Code fragments in this section are found in
rt3/src/main/java/.../vsj3/evo1
in the project source.
4.6.1. type.__call__
¶
Object creation in Python begins with the calling of a type object.
If we call a type we obtain an instance of that type.
(Almost always.
A user may return anything from their own definition of __new__
.)
>>> int(42)
42
>>> float()
0.0
>>> slice(5)
slice(None, 5, None)
>>> bool()
False
>>> class A: pass
>>> A()
<__main__.A object at 0x000001B0E63A9970>
We can even call the type type
and obtain a new type,
as an alternative to the class
keyword.
>>> type('B', (A,), {})
<class '__main__.B'>
The exception to this is when we call type
with one argument.
type
is still the type object type
,
but type.__call__
checks for this case
and returns the type of its argument.
>>> type(42)
<class 'int'>
>>> type(A())
<class '__main__.A'>
The implementation of type.__call__
(in CPython 3.11),
somewhat simplified, is this:
static PyObject *
type_call(PyTypeObject *type, PyObject *args, PyObject *kwds)
{
PyObject *obj;
/* Special case: type(x) should return Py_TYPE(x) */
if (type == &PyType_Type) {
/* ... don't worry about this for now */
}
obj = type->tp_new(type, args, kwds);
if (!PyObject_TypeCheck(obj, type)) return obj;
objtype = Py_TYPE(obj);
if (objtype->tp_init != NULL) {
objtype->tp_init(obj, args, kwds);
}
return obj;
}
Suppose T
is a Python type.
In the Java implementation,
a call of T(args)
,
which is the same as type.__call__(T, args)
,
lands in PyType.__call__
.
A direct Java equivalent of the C code, still simplified, is as follows:
public class PyType extends Operations implements DictPyObject {
// ...
protected Object __call__(Object[] args, String[] names)

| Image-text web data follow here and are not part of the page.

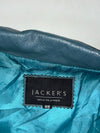 Jacker’s Slate Teal Pebbled Leather Collared Jacket with Hidden Placket, (M)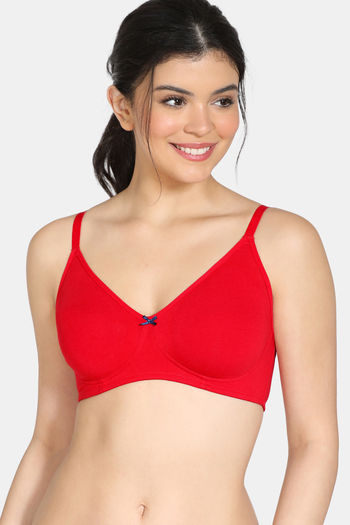 Buy Zivame Modern Grounds Double Layered Non Wired 3/4th Coverage T-Shirt Bra - Lipstick Red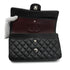 CHANEL CLASSIC FLAP MEDIUM CHAIN SHOULDER BAG BLACK LAMB SKIN SILVER HARDWARE 90343944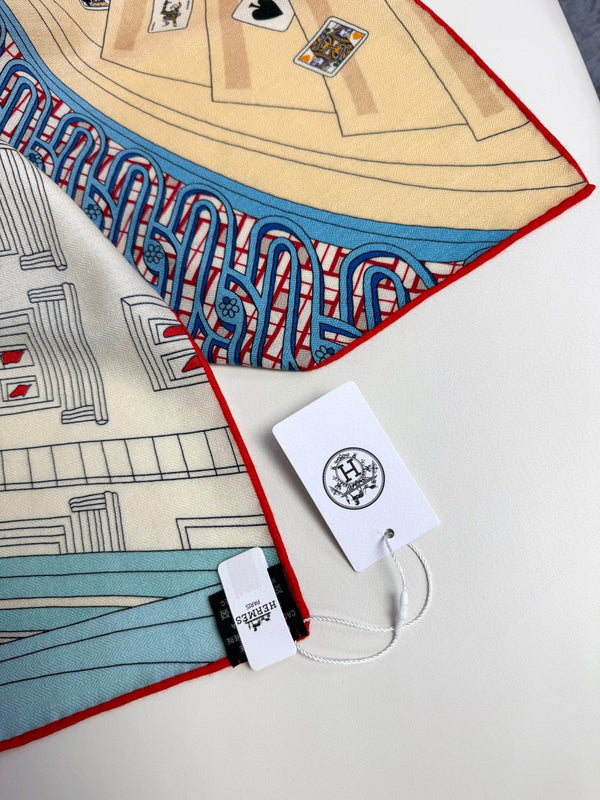 Mystere Au 24 Scarf 135 CM Light Jade Blue Colorful Cashmere And Silk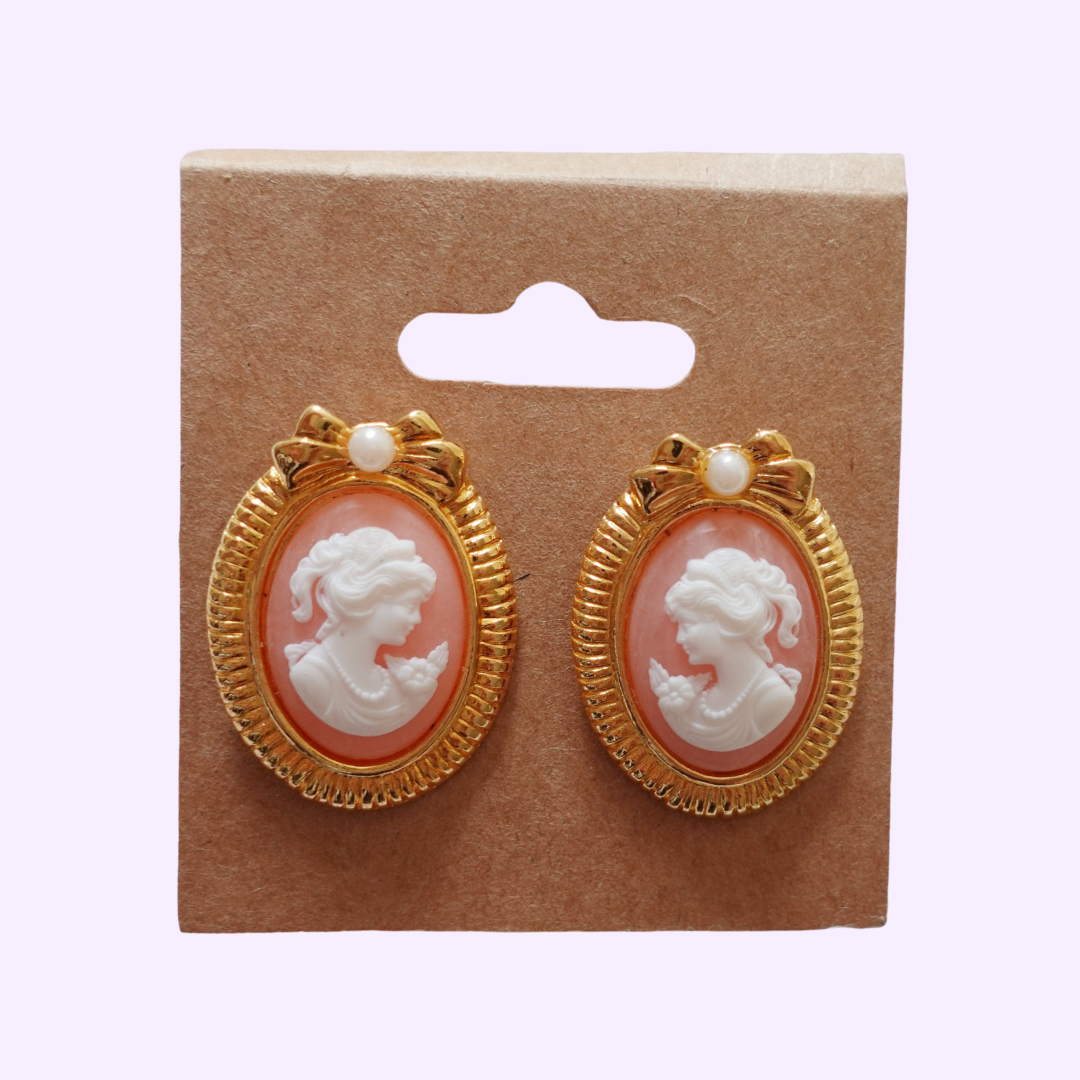 avon cameo gold tone earrings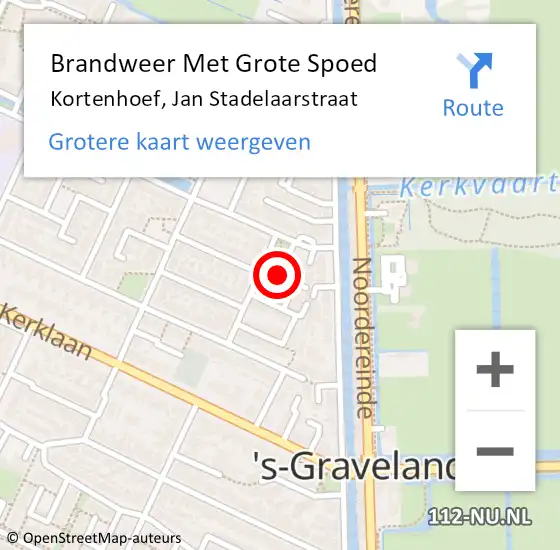 Locatie op kaart van de 112 melding: Brandweer Met Grote Spoed Naar Kortenhoef, Jan Stadelaarstraat op 4 april 2020 14:58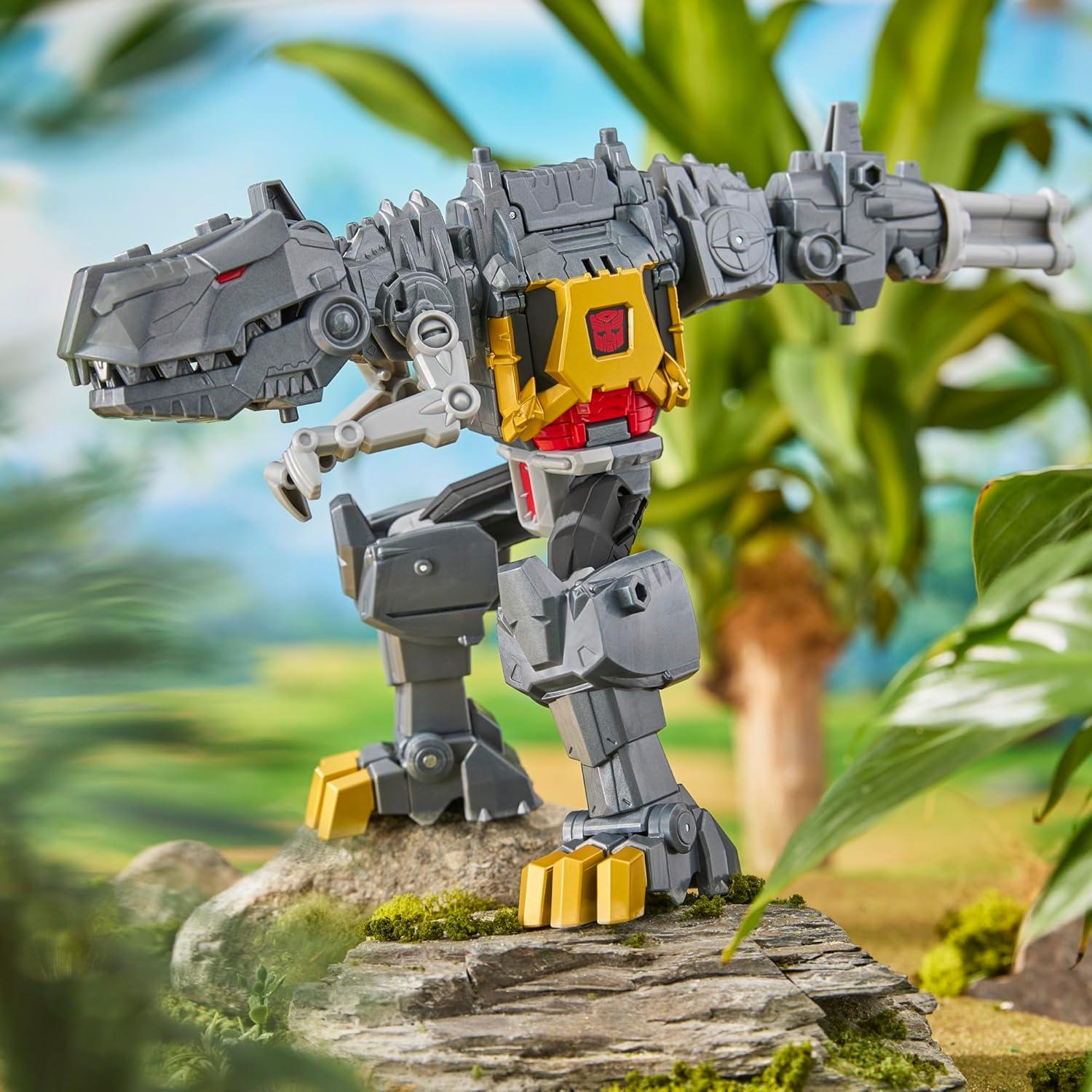 imageTransformers Cyberworld Grimlock Chomp ampamp Battle 9Inch Action Figure Quick Change to Dino Mode Robot Toys for Boys ampamp Girls Kids Christmas Stocking Stuffers Ages 6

throws TypeError, Throwable {
if (this == PyType.TYPE) {
/* ... don't worry about this for now */
}
Object _new = lookup("__new__");
Object obj = Callables.call(_new, args, names);
PyType objtype = PyType.of(obj);
if (objtype.isSubTypeOf(this)
&& Slot.op_init.isDefinedFor(objtype)) {
objtype.op_init.invokeExact(obj, args, names);
}
return obj;
}
During PyType.__call__
,
the target object this
represents the Python type T
.
Cases we might want to handle specially include:
T
is any type and we are creating a new instance of it.T
istype
exactly and we are creating a new type.T
is a sub-type oftype
(a metatype) and we are creating a new type customised by it.
In fact these are all the same thing to PyType.__call__
.
The different cases are distinguished in the specific T.__new__
that the class provides.
Note that while op_init
is a Slot
,
there is no op_new
.
Unlike __init__
,
__new__
is not an instance method but static,
while Slot
is restricted to instance methods.
__new__
gets some special treatment in type construction,
but otherwise it is just an entry in the dictionary of the type,
found by lookup
along the MRO.
We show this happening in the method body of __call__
,
but an optimisation is possible looking up __new__
only when it changes,
and caching the result as a Python callable or Java function.
The definition of __new__
found along the MRO
must be a callable Python object (or we shall receive an exception).
It will normally be:
a
staticmethod
(PyStaticMethod
) leading to a Pythonfunction
(PyFunction
); ora
builtin_function_or_method
(PyJavaFunction
) bound to the type objectT
as__self__
and leading to a static method in the Java definition of that type.
__new__
will normally return
a Java object representing an instance of T
,
and then PyType.__call__
goes on to call __init__
through the op_init
slot of this
.
4.6.2. __new__
¶
__new__
is a static method, even when it is not so annotated.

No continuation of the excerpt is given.